A faster transition will not only free Europe quicker from the plights of our fossil-based economy, but also unlock the manifold benefits to our health, purse and energy security.
The Governance Regulation sets clear guidelines and requirements about these plans. Countries had to prepare and submit to the EU their first National Energy and Climate Plans in 2019. These are comprehensive ten-year plans that should describe how countries intend to address climate change, energy efficiency, renewables, greenhouse gas emissions reductions, finance, research and innovation and so on. These plans are concrete action pathways towards the needed major transformations. The problem with the first NECPs is that they are desperately unfit for purpose and outdated since their publication in 2019.

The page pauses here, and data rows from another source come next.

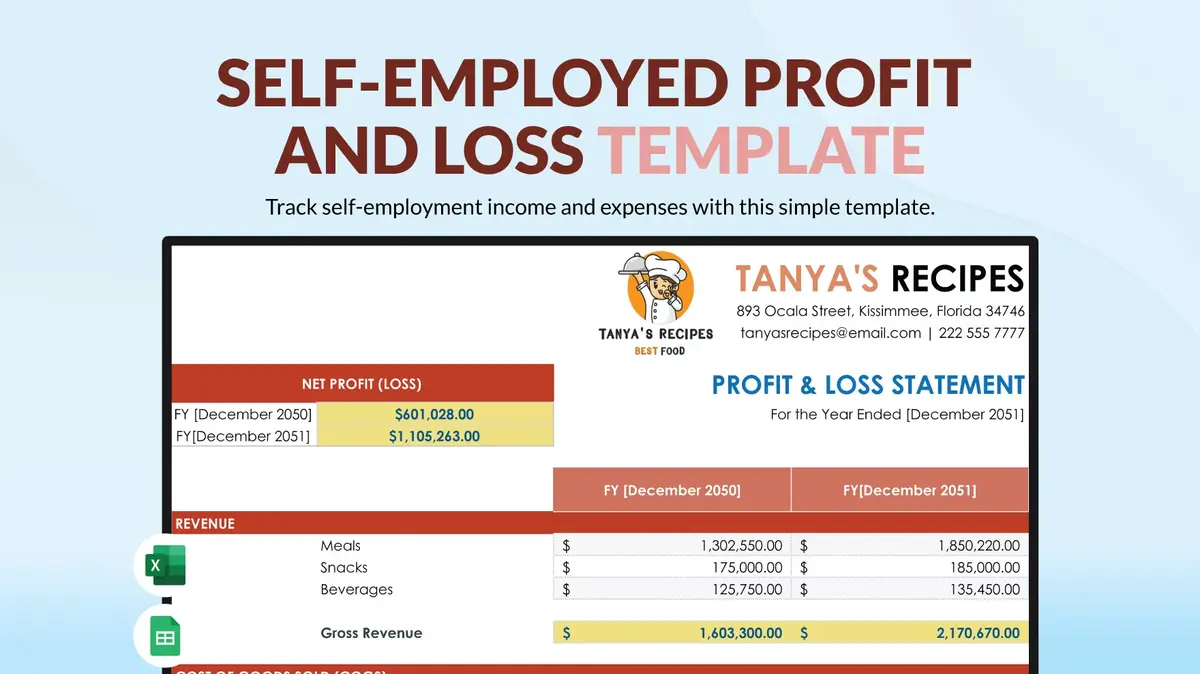 Self-Employed Profit And Loss Google Sheet Template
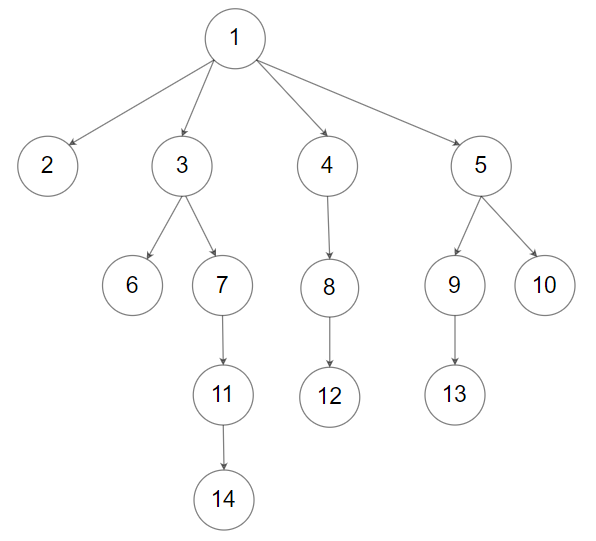 N-ary Tree Preorder Traversal - LeetCode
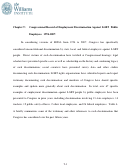 Cover page: Congressional Record of Employment Discrimination Against LGBT Public Employees. 1994-2007.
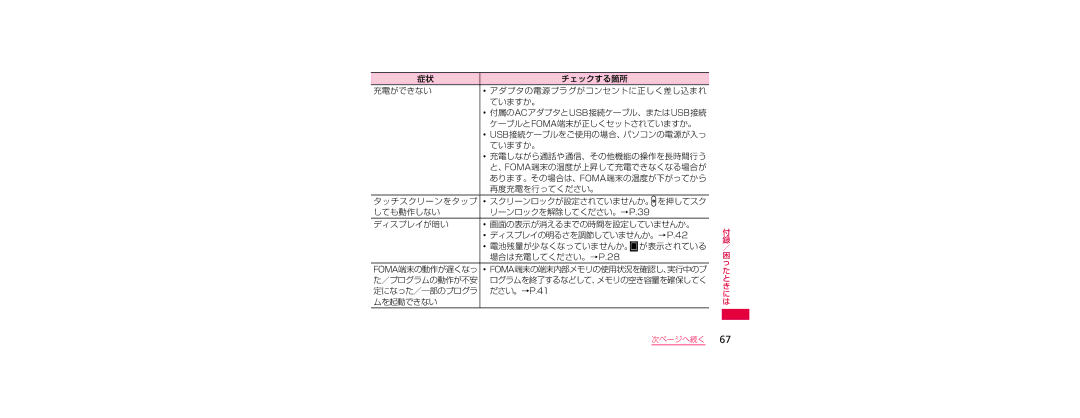 Samsung SGH-N023CWNDCM 充電ができない, ケーブルとfoma端末が正しくセットされていますか。, 、Foma端末の温度が上昇して充電できなくなる場合が, あります。その場合は、Foma端末の温度が下がってから 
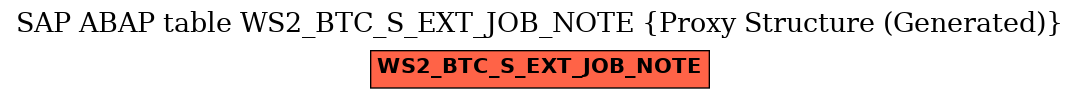 E-R Diagram for table WS2_BTC_S_EXT_JOB_NOTE (Proxy Structure (Generated))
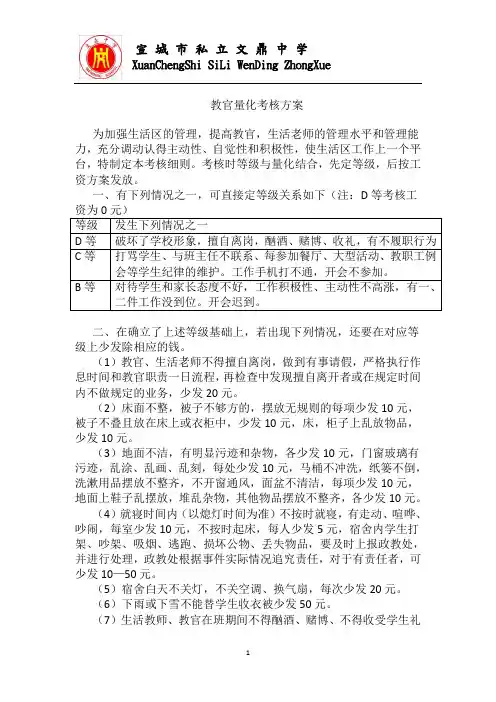 34 教官量化考核方案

Now, in light of the updated EU climate goals and the war in Ukraine, these plans need to be revised and aligned with the ambition of keeping us safe from dangerous climate change and permanently reducing our energy bills.
There is no mystery whatsoever on how to get there. All the cards are in our hands and now it’s time to play our winning hand to secure the jackpot: ensure we all benefit from this transition, go for real emissions cuts, end the addiction to fossil fuels, supercharge the renewable revolution, stop wasting energy, protect nature, and push the fast-forward button.
With these national plans, Europe must go into a fast-forward implementation mode as we only have seven years to fundamentally change the way we produce and consume energy, the way we travel, the quality of the buildings we live and work in, the goods we consume, the way we protect and restore nature, and even the quality of the air we breathe.
Change is already on its way with the massive success of renewables deployment or the reduction of energy consumption to name just two. Instead of looking at it as a burden, rather embrace it and accelerate it as civil society and the crises we are living are demanding. A faster transition will not only free Europe quicker from the plights of our fossil-based economy, but also unlock the manifold benefits to our health, purse and energy security.
The alternative to change is a dangerous status quo that will end in a life catching up with us in the form of irreversible climate change. The climate crisis is a crisis we can and must respond to. Let us accelerate that response in this decade and move away from a grim reality and have the national energy and climate plans as an opportunity to bring the pieces of change together and build the sustainable present and future we need.